The locals just shrugged it off. It seems they think all this can be infinitely replaced, not that it’s a last bastion of such beauty.

The trees upon the slope on the left help slow down erosion. There used to be more underneath them.

Is it not possible to see that we are losing things before they’re lost, or are we doomed to miss only what we have completely exterminated?

if you can see the black plastic, then whoever cut this down to the stumps should have seen it too, and should have done the right thing.

The village in the north of Spain is not the only place where such destruction takes place, of course. Just last week a huge swath of Killarney National Park was burned by negligence or intentional malice.

.

On the other hand, I just finished reading Anne Frank’s diary for the second time, after about a 35 year gap… and I was struck by her passages about Nature.

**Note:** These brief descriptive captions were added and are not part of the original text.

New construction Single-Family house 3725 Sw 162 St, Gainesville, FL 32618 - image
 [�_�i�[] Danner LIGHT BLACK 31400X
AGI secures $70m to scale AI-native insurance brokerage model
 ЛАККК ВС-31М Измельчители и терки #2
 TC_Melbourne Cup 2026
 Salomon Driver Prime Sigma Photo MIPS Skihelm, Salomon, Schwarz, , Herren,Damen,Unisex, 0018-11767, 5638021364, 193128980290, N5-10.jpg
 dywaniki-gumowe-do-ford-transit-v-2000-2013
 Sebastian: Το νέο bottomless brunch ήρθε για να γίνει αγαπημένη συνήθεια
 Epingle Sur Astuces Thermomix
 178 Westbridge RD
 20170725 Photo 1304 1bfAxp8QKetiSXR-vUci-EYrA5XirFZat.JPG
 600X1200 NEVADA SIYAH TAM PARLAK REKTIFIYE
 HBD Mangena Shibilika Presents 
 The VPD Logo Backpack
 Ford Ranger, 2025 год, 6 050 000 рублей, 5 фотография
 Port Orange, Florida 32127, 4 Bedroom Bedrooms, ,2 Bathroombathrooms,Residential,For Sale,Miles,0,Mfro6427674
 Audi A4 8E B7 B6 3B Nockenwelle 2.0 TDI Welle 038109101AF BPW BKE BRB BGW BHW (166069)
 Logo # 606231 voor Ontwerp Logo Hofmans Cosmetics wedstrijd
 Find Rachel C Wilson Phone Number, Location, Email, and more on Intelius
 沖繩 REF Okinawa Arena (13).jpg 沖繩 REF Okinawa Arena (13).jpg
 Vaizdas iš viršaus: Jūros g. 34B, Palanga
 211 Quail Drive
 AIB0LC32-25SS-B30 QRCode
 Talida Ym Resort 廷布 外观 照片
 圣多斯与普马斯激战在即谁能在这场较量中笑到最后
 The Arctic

Just like many during the lockdowns we went through, Anne realised that joy and peace can come from looking at the sky and the trees. Of course, even at thirteen and fourteen, Anne Frank was a very self-aware person compared to most around her, even then, never mind now.

I took snaps of the paragraphs. She wonders if her confinement indoors so long has made her so “mad about Nature” which is probably true to some extent, just as it was for many others. But she sees it as a medicine, “which can be shared by rich and poor alike,” and “the one thing for which there is no substitute.”

I’ve never tried valerian or bromide, but next time you feel shit, try looking at the sky. I recommend it, too.
This was a book I recommended to my students as soon as went into lockdown last year. Things changed for them, but how much did they change? I wonder.

Let that last like of the upper paragraph sink in. This was said 60 years ago, before the shit started to hit the fan ecologically. Have we absorbed that information yet?

My question is whether that last line has sunk into our collective consciousness, or it is just that we can’t fathom our existence without Nature – even it if is out there, waiting for when we want it, after we’re released from prison, or our confinement, or we fancy a walk away from our computers? Until it isn’t.

And can we act as if something is lost before it actually is, giving us the chance to save it at the last minute.

Because we’re down to the last minute.